Dennis Heizler, der seinen einjährigen Vorstandsposten beim Aktionskreis Börse Mannheim für das neue Studienjahr vor den Semesterferien an seinen Nachfolger weitergegeben hat, verlässt sich aber nicht auf den reinen Uni-Abschluss und macht neben dem Engagement im AKB in den Semesterferien daher Praktika bei internationalen Banken. So großen Wert er auf Sicherheit in seiner Karriereplanung legt, so sehr hofft er auf Unsicherheit im Beruf, denn insbesondere die Unberechenbarkeit der Finanzwelt fasziniert ihn. „Dort kann alles blitzschnell passieren“, sagt der Oberpfälzer. Bis dahin geht er wie viele seiner Kommilitonen aber lieber kein Risiko ein.


6 Lesermeinungen

  1. Abiederung und Vetterleswirtschaft?
    So wie viele der oftmals inhaltsschwachen aber freizeitstarken Auslandspraktika nur dem schönen Schein dienen, so kann ich über das fachliche Interesse und die Fortbildungen nur schmunzeln. Hier geht es doch größtenteils um Vitamin B / Vetterleswirtschaft mit anderen Ehemaligen. Wenn man das Networking nennt, klingt es natürlich deutlich neutraler.

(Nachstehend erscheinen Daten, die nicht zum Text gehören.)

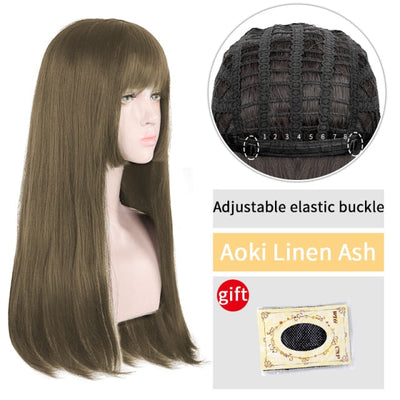 Natural Black Long Straight Hair Wig Synthetic Wig With Bangs Wig Hime Cut Suitable For Daily Wear By Women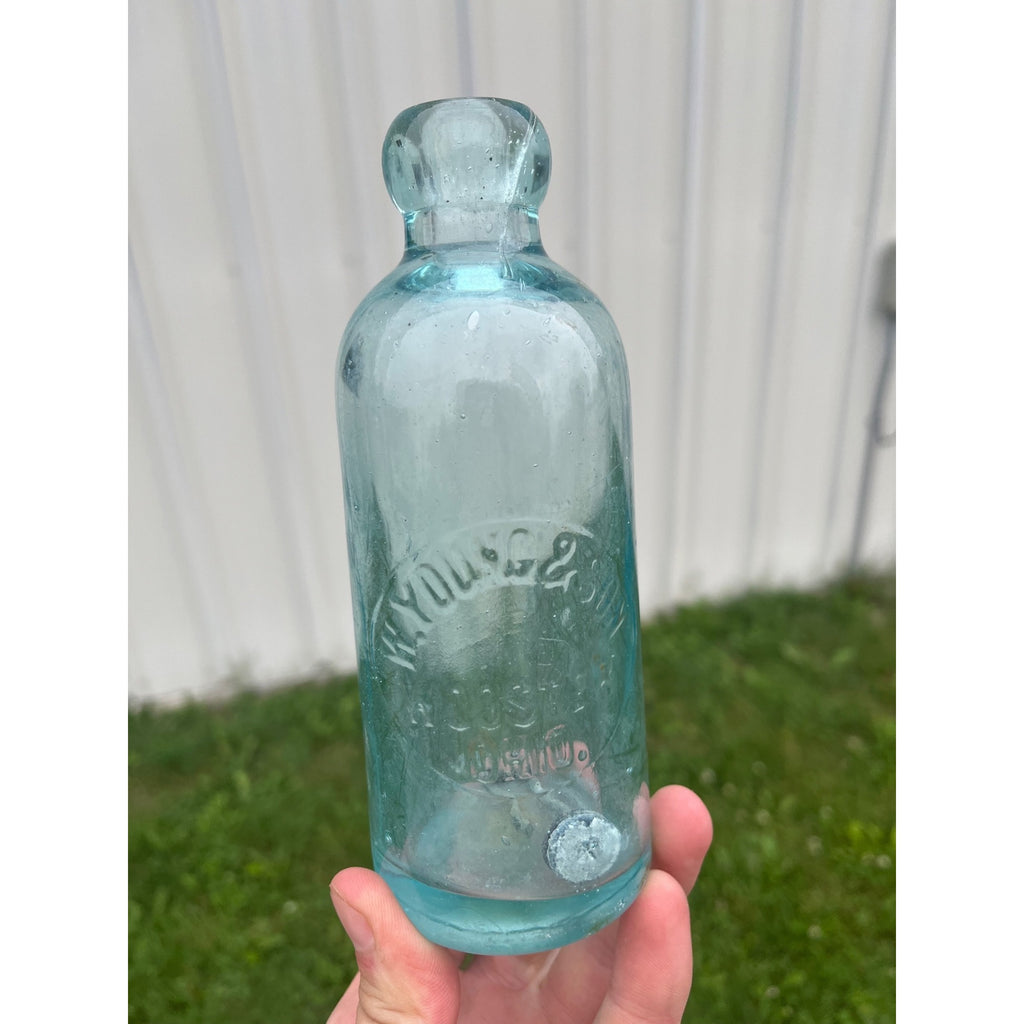 Antique W. Young & Son Wooster, Ohio (OH) Hutchinson Bottle Soda Embossed Hutch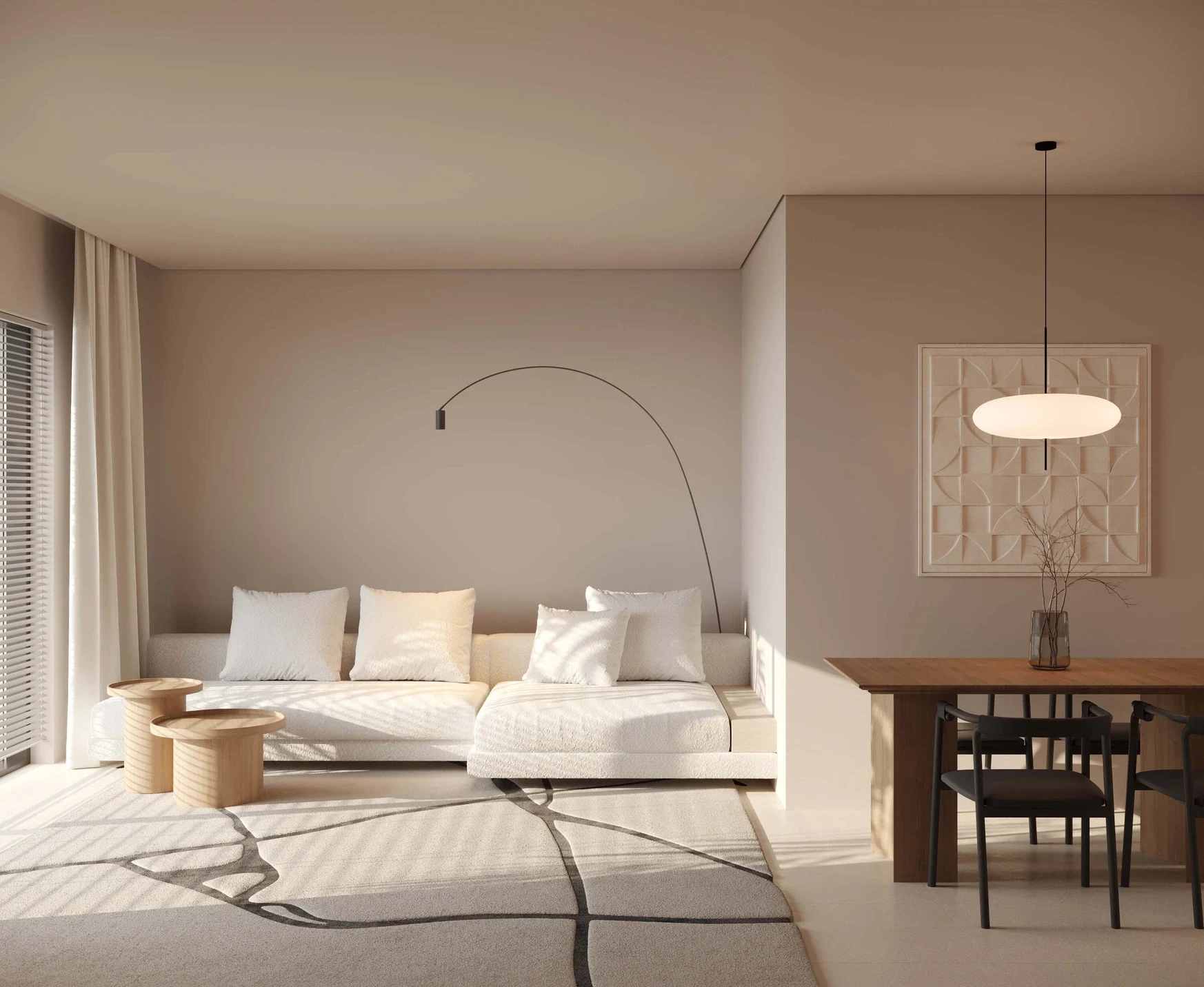 Architectural visualisation of the living room in a sea-view apartment in El Chaparral, Mijas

    Aber funktioniert so und so ähnlich schon immer. Entweder man hat da Bock drauf oder auch nicht. Maximale Karriere erfordert nunmal meist eine gewisse moralische Flexibilität ;)

  2. Erfolg ?
    Michelle Obama:
    „Success isn´t about how much money you make, it´s about the difference you make in people´s lives.“

  3. 'Tschuldigung...
    … aber das ist ja einfach traurig. Office partys? Im Anzug zu den Veranstaltungen? Yikes… Ich glaube die wissen noch gar nicht, wie sehr die meisten Büroarbeiter die „freiwilligen“ Office partys hassen. Genießt lieber das Leben, das Arbeitsleben müsst ihr später nicht mehr spielen. Ihr entkommt dem gar nicht.

    • Keine Ahnung
      Office Partys sind Networking Veranstaltungen, für Elite Studenten wie uns Mannheimer sind diese eben essentiell….

  4. Titel eingeben
    Sehr vielversprechend diese Studenten!